→ Task to carry out
From the line containing "Ancient Ecology Life" to the end of the data, retype every line exactly and nothing else. Drop the pictures.

Items from a data source
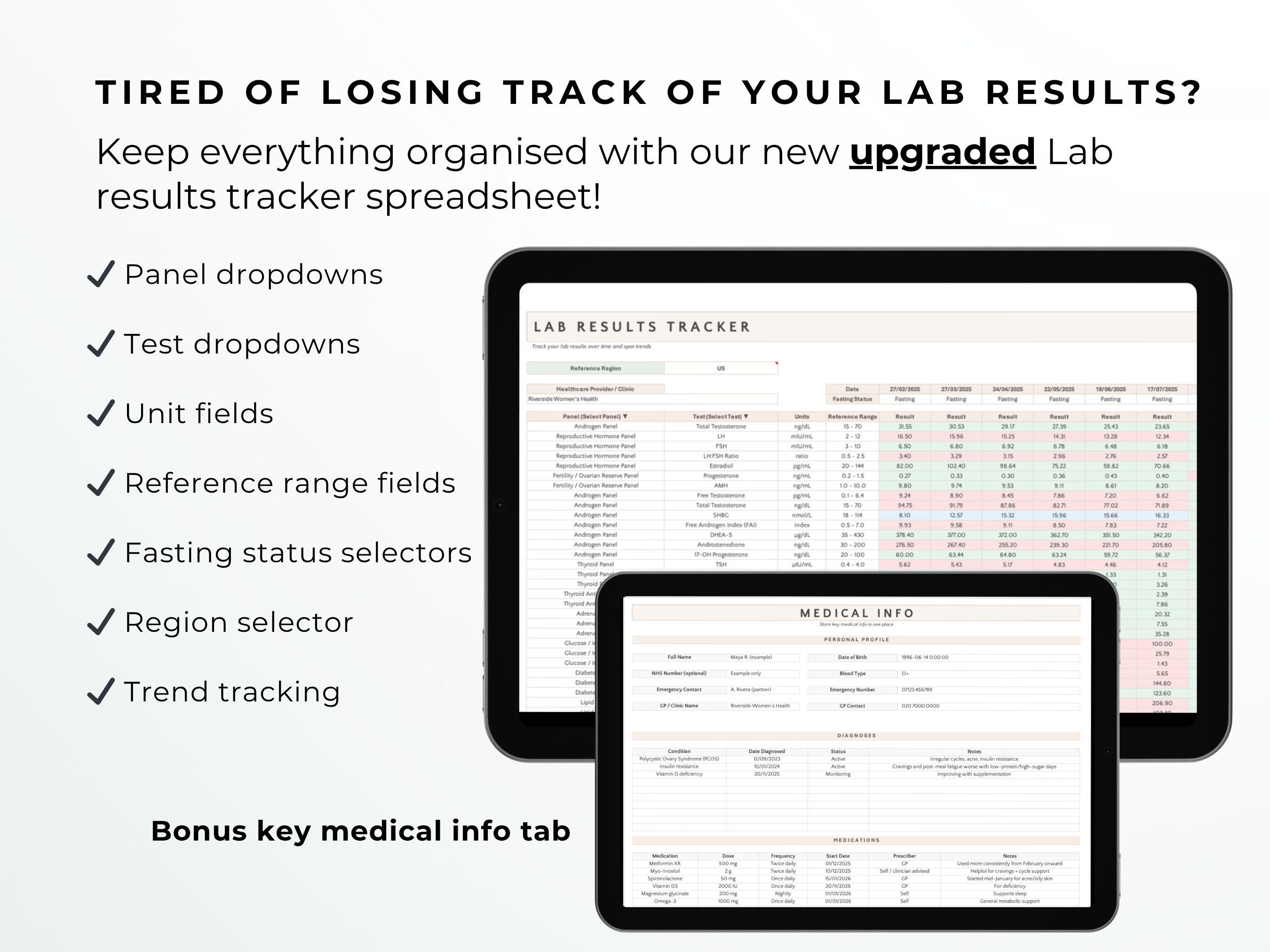 Lab Results Tracker Spreadsheet, Blood Test Tracker, Medical Lab Log ...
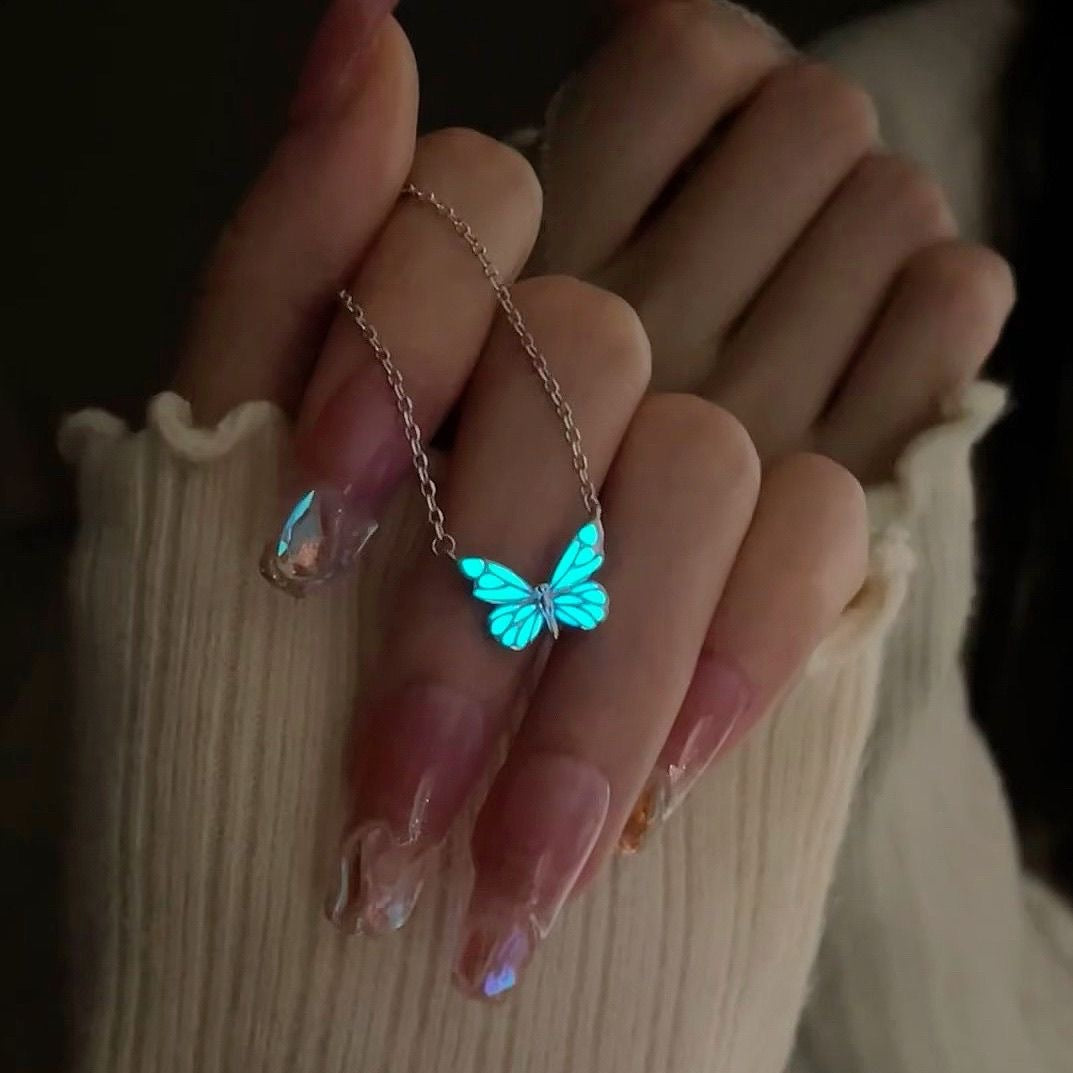 Fashion Blue Luminous Butterfly Necklace Bracelet Set For Glow In The Dark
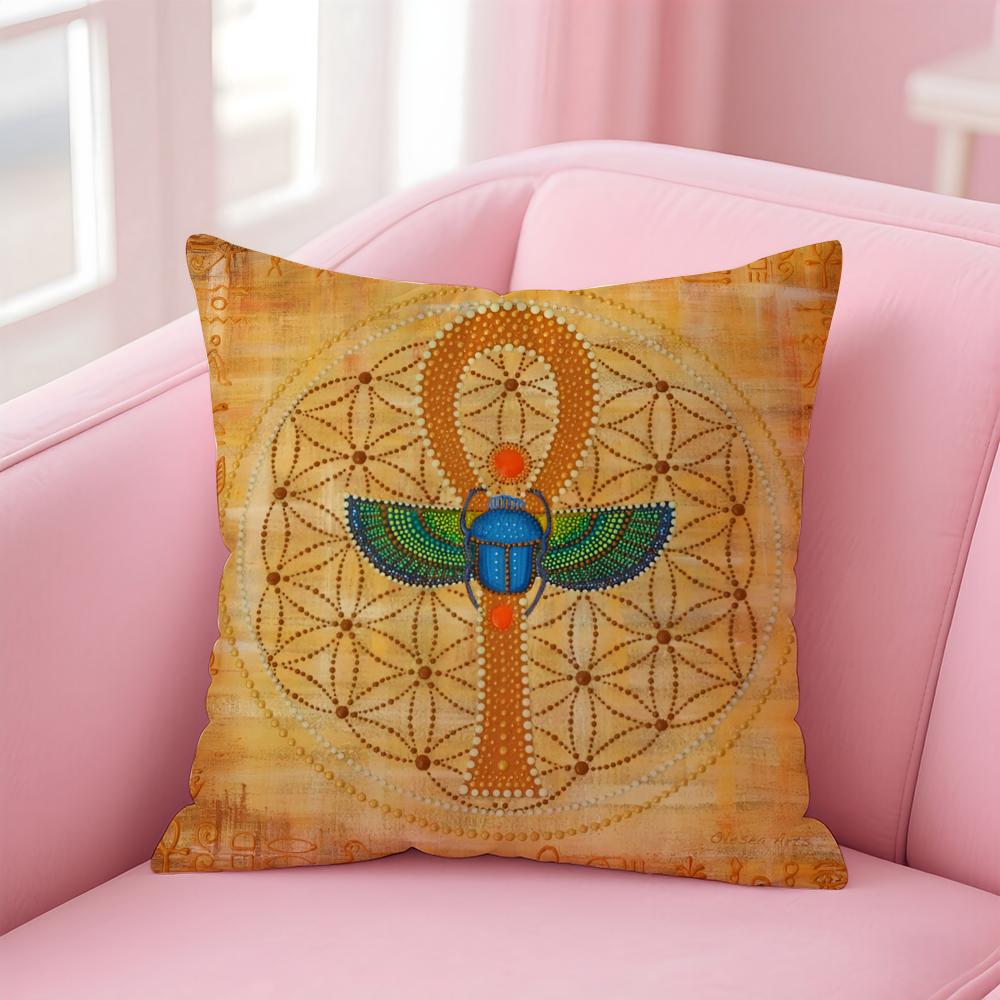 Ancient Ecology Life Talisman Pattern Cushion Cover Pillow Case Soft Skin Friendly Fabric Concealed Zipper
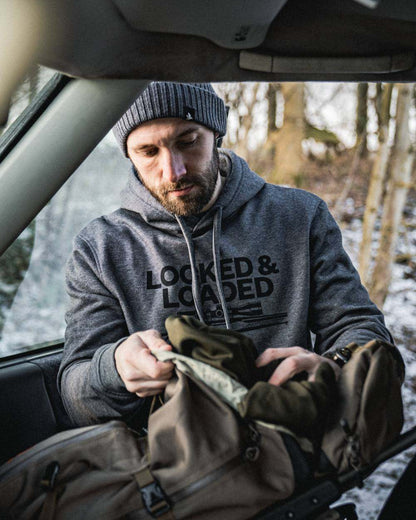 Grey Melange Coloured Seeland Loaded Hoodie on outdoor background #colour_grey-melange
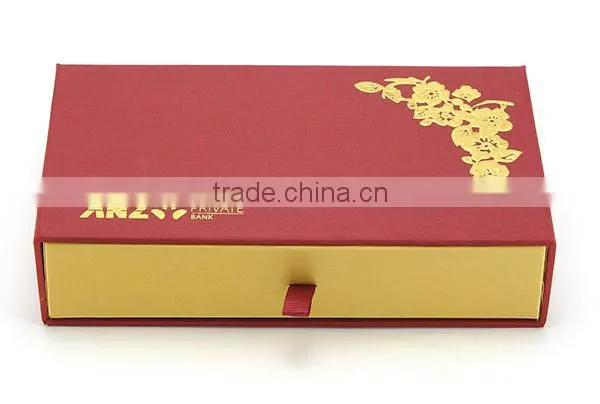 New Year Custom Design Logo Hot Stamping Fancy Paper Red Packet Slide Box
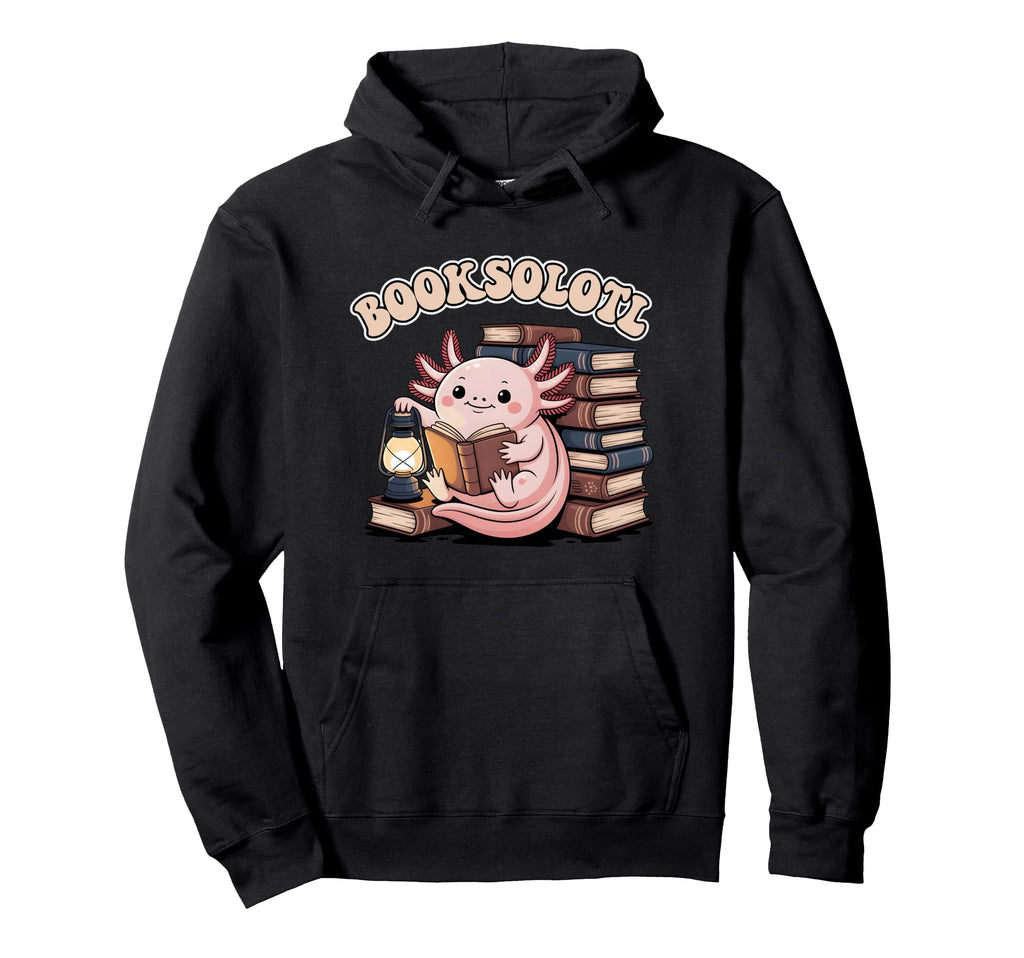 Booksolotl Axolotl Reading Book Lover Hoodie - Novelty Apparel Men Women - T-Shirt, Sweatshirt, Hoodie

→ Answer to this problem
 Ancient Ecology Life Talisman Pattern Cushion Cover Pillow Case Soft Skin Friendly Fabric Concealed Zipper
 Grey Melange Coloured Seeland Loaded Hoodie on outdoor background #colour_grey-melange
 New Year Custom Design Logo Hot Stamping Fancy Paper Red Packet Slide Box
 Booksolotl Axolotl Reading Book Lover Hoodie - Novelty Apparel Men Women - T-Shirt, Sweatshirt, Hoodie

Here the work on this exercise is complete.